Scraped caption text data
BEGIN

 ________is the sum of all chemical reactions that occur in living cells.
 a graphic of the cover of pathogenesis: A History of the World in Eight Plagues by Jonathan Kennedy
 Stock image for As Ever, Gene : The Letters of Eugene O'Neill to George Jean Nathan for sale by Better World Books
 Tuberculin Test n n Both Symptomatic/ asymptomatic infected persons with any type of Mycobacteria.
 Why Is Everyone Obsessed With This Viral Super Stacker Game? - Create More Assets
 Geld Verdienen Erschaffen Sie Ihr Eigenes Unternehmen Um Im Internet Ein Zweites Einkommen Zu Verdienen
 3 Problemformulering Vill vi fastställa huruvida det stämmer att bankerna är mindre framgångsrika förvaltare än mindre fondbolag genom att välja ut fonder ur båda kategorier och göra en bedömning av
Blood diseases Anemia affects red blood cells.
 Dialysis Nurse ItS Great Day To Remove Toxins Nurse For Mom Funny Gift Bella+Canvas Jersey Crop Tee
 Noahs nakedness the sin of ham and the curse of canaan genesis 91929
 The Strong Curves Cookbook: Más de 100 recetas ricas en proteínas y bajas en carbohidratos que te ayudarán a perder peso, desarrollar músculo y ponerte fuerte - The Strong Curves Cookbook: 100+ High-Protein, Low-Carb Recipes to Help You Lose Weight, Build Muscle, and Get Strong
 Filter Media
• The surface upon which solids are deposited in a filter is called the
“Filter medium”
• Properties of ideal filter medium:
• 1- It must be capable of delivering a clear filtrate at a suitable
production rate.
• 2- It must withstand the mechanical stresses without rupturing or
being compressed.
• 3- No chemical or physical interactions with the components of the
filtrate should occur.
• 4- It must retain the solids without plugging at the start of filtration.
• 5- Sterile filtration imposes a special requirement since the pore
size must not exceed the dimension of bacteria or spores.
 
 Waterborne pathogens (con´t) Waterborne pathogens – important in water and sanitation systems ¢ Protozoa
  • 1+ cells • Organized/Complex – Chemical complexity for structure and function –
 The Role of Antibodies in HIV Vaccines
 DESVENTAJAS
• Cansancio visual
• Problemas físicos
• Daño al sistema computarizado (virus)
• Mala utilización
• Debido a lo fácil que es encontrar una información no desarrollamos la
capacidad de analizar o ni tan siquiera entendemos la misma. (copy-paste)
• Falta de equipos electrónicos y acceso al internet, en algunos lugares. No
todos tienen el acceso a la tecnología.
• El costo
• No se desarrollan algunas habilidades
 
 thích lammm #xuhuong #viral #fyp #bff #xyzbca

END

ACTIVITY: Your task is to retype the records above exactly.

RESPONSE:
 ________is the sum of all chemical reactions that occur in living cells.
 a graphic of the cover of pathogenesis: A History of the World in Eight Plagues by Jonathan Kennedy
 Stock image for As Ever, Gene : The Letters of Eugene O'Neill to George Jean Nathan for sale by Better World Books
 Tuberculin Test n n Both Symptomatic/ asymptomatic infected persons with any type of Mycobacteria.
 Why Is Everyone Obsessed With This Viral Super Stacker Game? - Create More Assets
 Geld Verdienen Erschaffen Sie Ihr Eigenes Unternehmen Um Im Internet Ein Zweites Einkommen Zu Verdienen
 3 Problemformulering Vill vi fastställa huruvida det stämmer att bankerna är mindre framgångsrika förvaltare än mindre fondbolag genom att välja ut fonder ur båda kategorier och göra en bedömning av
Blood diseases Anemia affects red blood cells.
 Dialysis Nurse ItS Great Day To Remove Toxins Nurse For Mom Funny Gift Bella+Canvas Jersey Crop Tee
 Noahs nakedness the sin of ham and the curse of canaan genesis 91929
 The Strong Curves Cookbook: Más de 100 recetas ricas en proteínas y bajas en carbohidratos que te ayudarán a perder peso, desarrollar músculo y ponerte fuerte - The Strong Curves Cookbook: 100+ High-Protein, Low-Carb Recipes to Help You Lose Weight, Build Muscle, and Get Strong
 Filter Media
• The surface upon which solids are deposited in a filter is called the
“Filter medium”
• Properties of ideal filter medium:
• 1- It must be capable of delivering a clear filtrate at a suitable
production rate.
• 2- It must withstand the mechanical stresses without rupturing or
being compressed.
• 3- No chemical or physical interactions with the components of the
filtrate should occur.
• 4- It must retain the solids without plugging at the start of filtration.
• 5- Sterile filtration imposes a special requirement since the pore
size must not exceed the dimension of bacteria or spores.
 
 Waterborne pathogens (con´t) Waterborne pathogens – important in water and sanitation systems ¢ Protozoa
  • 1+ cells • Organized/Complex – Chemical complexity for structure and function –
 The Role of Antibodies in HIV Vaccines
 DESVENTAJAS
• Cansancio visual
• Problemas físicos
• Daño al sistema computarizado (virus)
• Mala utilización
• Debido a lo fácil que es encontrar una información no desarrollamos la
capacidad de analizar o ni tan siquiera entendemos la misma. (copy-paste)
• Falta de equipos electrónicos y acceso al internet, en algunos lugares. No
todos tienen el acceso a la tecnología.
• El costo
• No se desarrollan algunas habilidades
 
 thích lammm #xuhuong #viral #fyp #bff #xyzbca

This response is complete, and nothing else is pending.